The following entries are to be repeated exactly, and the pictures are to be left behind.

Input material section start

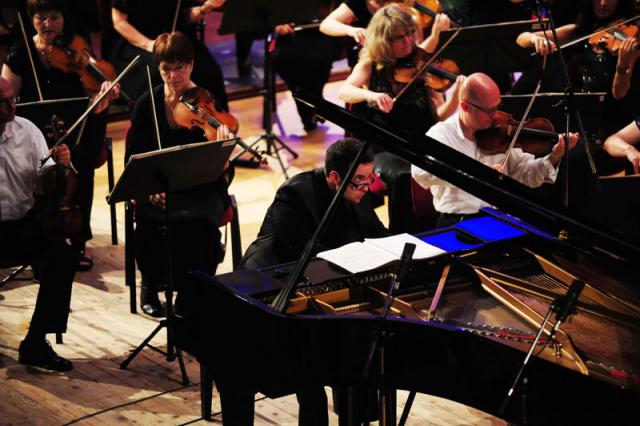 La MAV Symphony Orchestra di Budapest esegue "Sorgente" di Francesco Marino
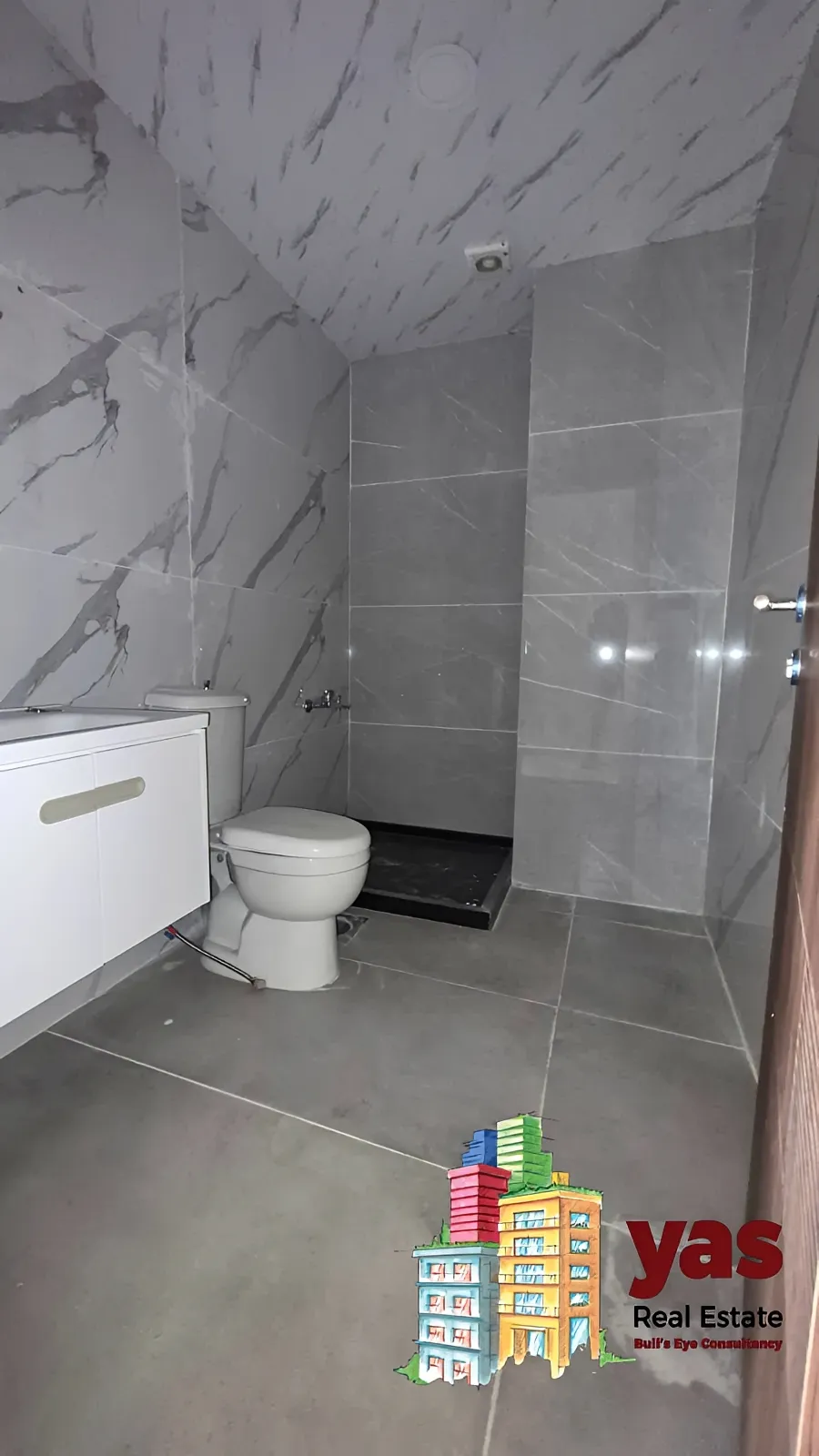 Apartment for Sale in Adonis - 3 bed, 2 bath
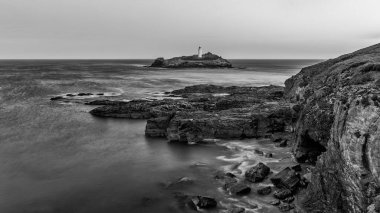 Cornwall 'ın sahil şeridindeki Godrevy deniz fenerinin güzel ve alışılmadık manzarası
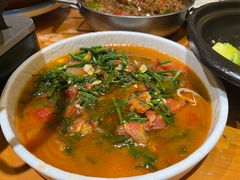 -老滇山寨•云南特色菜•地方菜•民族风情歌舞表演(金碧店)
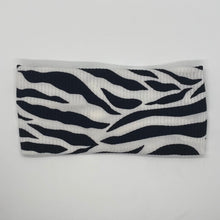 Load image into Gallery viewer, Ribbed Zebra Twist Headband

Input material section end

_Solution_.
 La MAV Symphony Orchestra di Budapest esegue "Sorgente" di Francesco Marino
 Apartment for Sale in Adonis - 3 bed, 2 bath
 Cornwall 'ın sahil şeridindeki Godrevy deniz fenerinin güzel ve alışılmadık manzarası
 -老滇山寨•云南特色菜•地方菜•民族风情歌舞表演(金碧店)
 Load image into Gallery viewer, Ribbed Zebra Twist Headband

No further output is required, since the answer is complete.